== DATASET EXTRACT ==
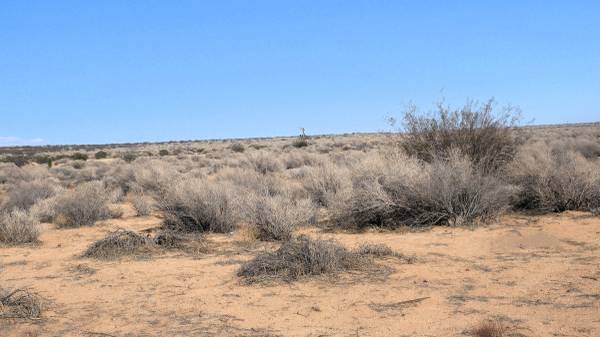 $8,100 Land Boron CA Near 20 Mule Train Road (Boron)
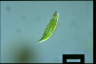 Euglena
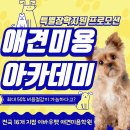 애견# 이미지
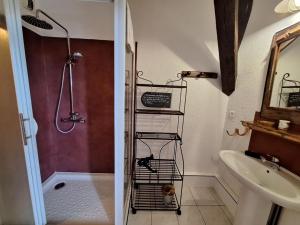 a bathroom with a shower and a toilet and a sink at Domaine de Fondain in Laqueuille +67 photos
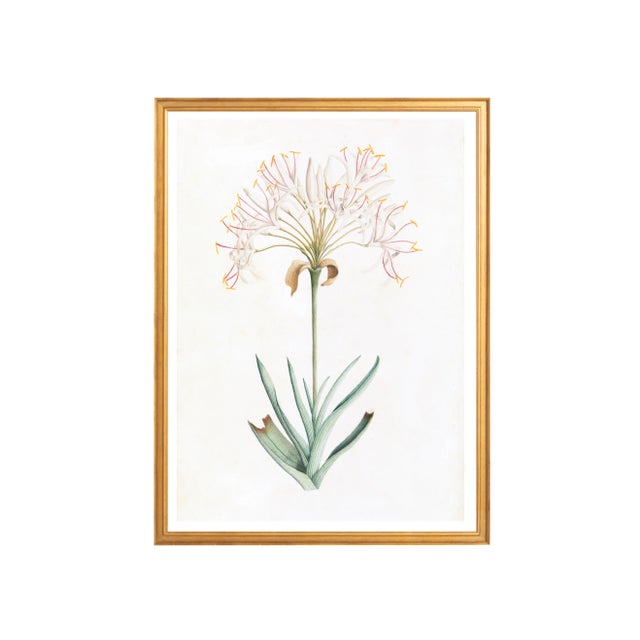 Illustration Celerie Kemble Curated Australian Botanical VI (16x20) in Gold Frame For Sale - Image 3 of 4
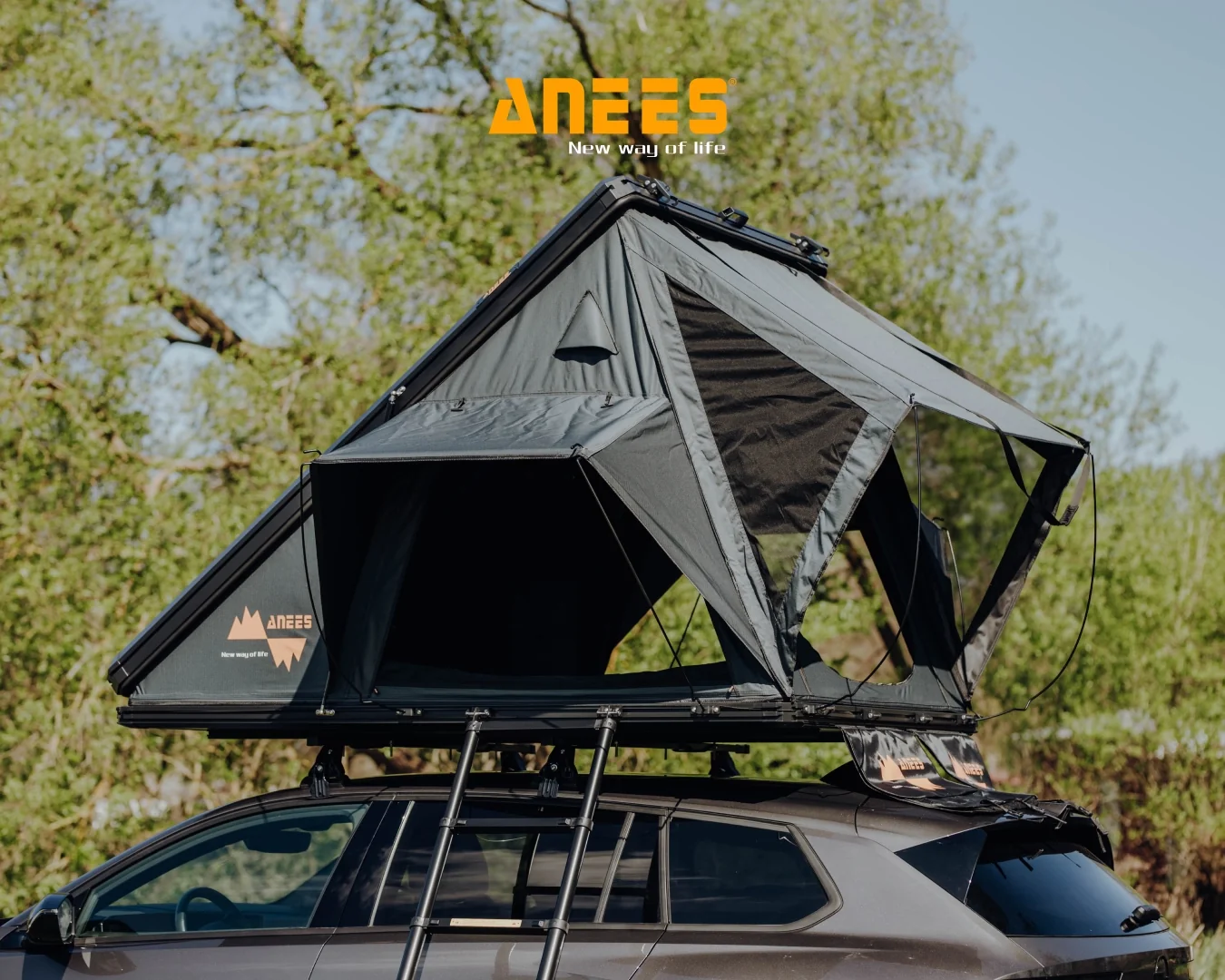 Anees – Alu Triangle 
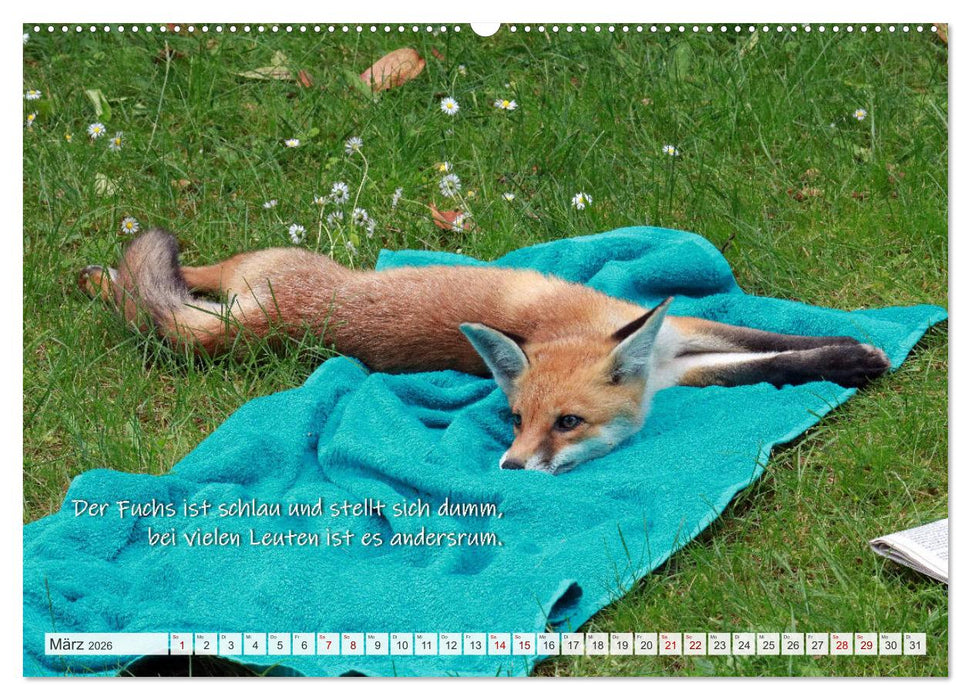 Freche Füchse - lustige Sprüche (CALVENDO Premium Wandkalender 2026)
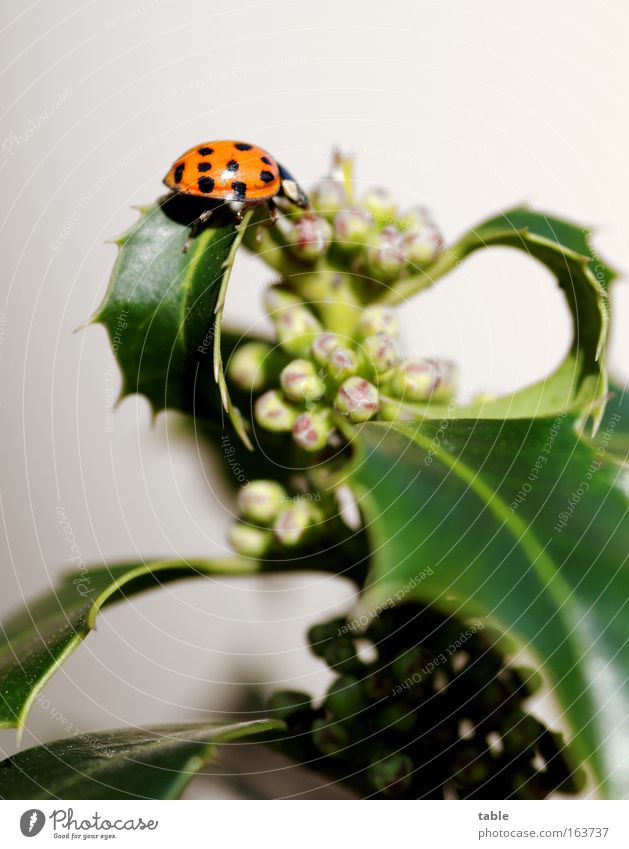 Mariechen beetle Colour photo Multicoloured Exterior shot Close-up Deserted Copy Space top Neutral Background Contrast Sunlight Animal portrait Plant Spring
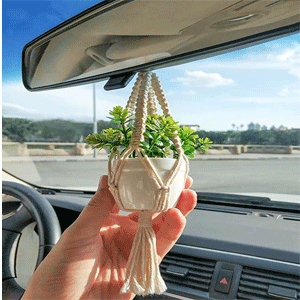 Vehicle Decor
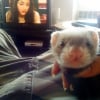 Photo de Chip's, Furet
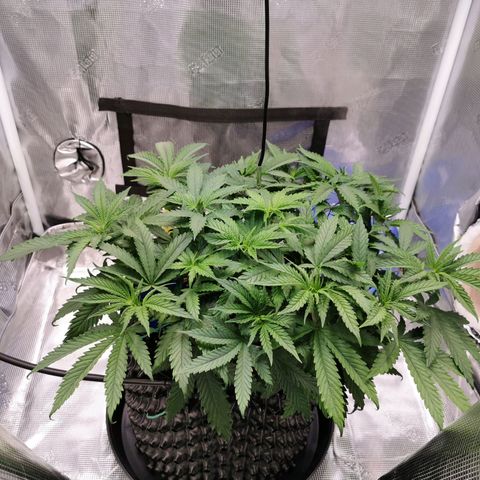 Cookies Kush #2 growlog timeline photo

== PROBLEM REQUIREMENTS ==
Find the line containing "Illustration Celerie Kemble" and copy it and each line after it through the end of the material, exactly, with no pictures.

== RESULT OF THIS EXERCISE ==
 Illustration Celerie Kemble Curated Australian Botanical VI (16x20) in Gold Frame For Sale - Image 3 of 4
 Anees – Alu Triangle 
 Freche Füchse - lustige Sprüche (CALVENDO Premium Wandkalender 2026)
 Mariechen beetle Colour photo Multicoloured Exterior shot Close-up Deserted Copy Space top Neutral Background Contrast Sunlight Animal portrait Plant Spring
 Vehicle Decor
 Photo de Chip's, Furet
 Cookies Kush #2 growlog timeline photo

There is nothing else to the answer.